Let’s break this down further so we are absolutely clear about what Marx (and Engels) were trying to tell us. In this formulation, we get crises because workers are not paid the full value of their labour power and this exploitation of time is translated into capitalist profits. Since the capitalists have most of the money, this leaves precious little purchasing power for the workers. While not the only reason for crises, this ‘lack of demand backed by the ability to pay’ problem, combined with capitalists hoarding profit can lead to recessionary and even depressionary conditions. As it turns out, Marx and his follower are right that crises are endemic to capitalism, but not for the reasons they suppose. Marx should have studied accounting.
Enter C.H. Douglas and cost-plus accounting. Douglas was an engineer working on the London tube just before World War I. As the workers were making progress constructing the network of underground rail, a supervisor appeared to Douglas and exclaimed that production must cease because there was no more money available to put things in motion.
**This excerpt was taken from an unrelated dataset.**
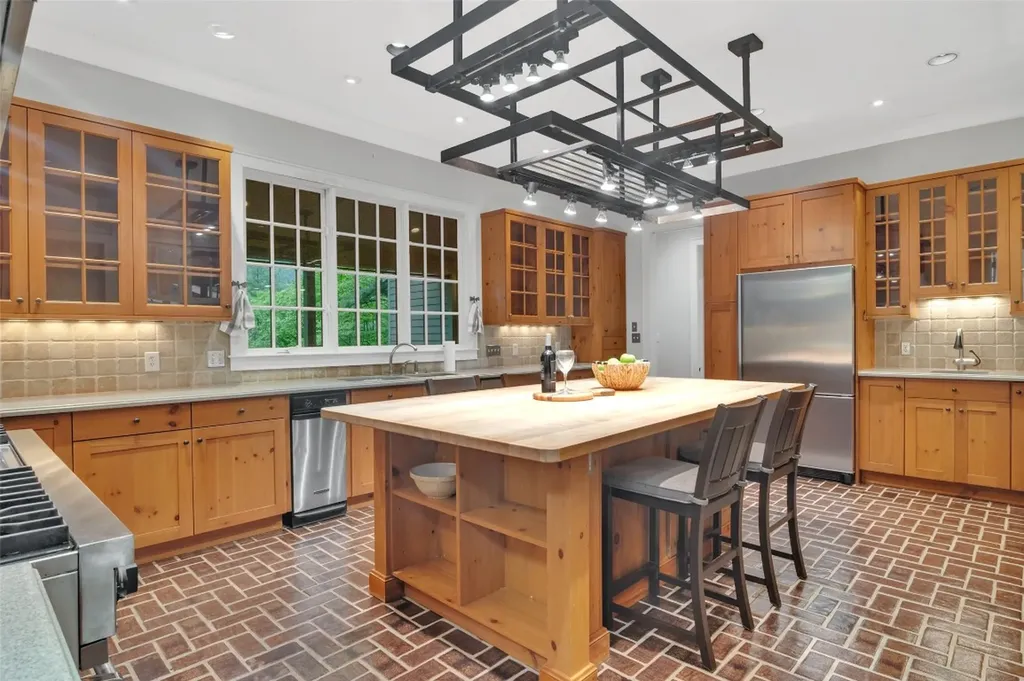 1957 Cold Mountain Road Lake Toxaway NC 28747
Our engineer was confounded – the know-how, the labour and the materials were all available, only money was lacking. Moments later, WWI broke out and all of a sudden there was money for virtually everything. This led Douglas to investigate what we can call the ‘math of capitalism’. What he found was shocking and to this day, remains underreported and understudied.
What Douglas found was that, regardless of savings (which come from salaries and wages anyway), there was a giant gap between the available purchasing power of consumers and the outstanding prices for all the goods and services on the market. And this gap all comes down to capitalist cost-plus accounting.
Cost-plus accounting is rather straightforward. A businessperson simply adds up the costs of the goods and/or services they want to sell on the market and adds a percentage mark-up related to a profit target. Typically, the more power the business has in the marketplace, the more they can demand from their consumers in markup. It should be noted that most consumers will have no idea what percentage of the cost of a good or service pertains to the markup. For instance, it may cost a business .25 cents to make an individual chocolate bar. If they sell their chocolate bars for $2 dollars, that would be a markup of 700% – not too shabby.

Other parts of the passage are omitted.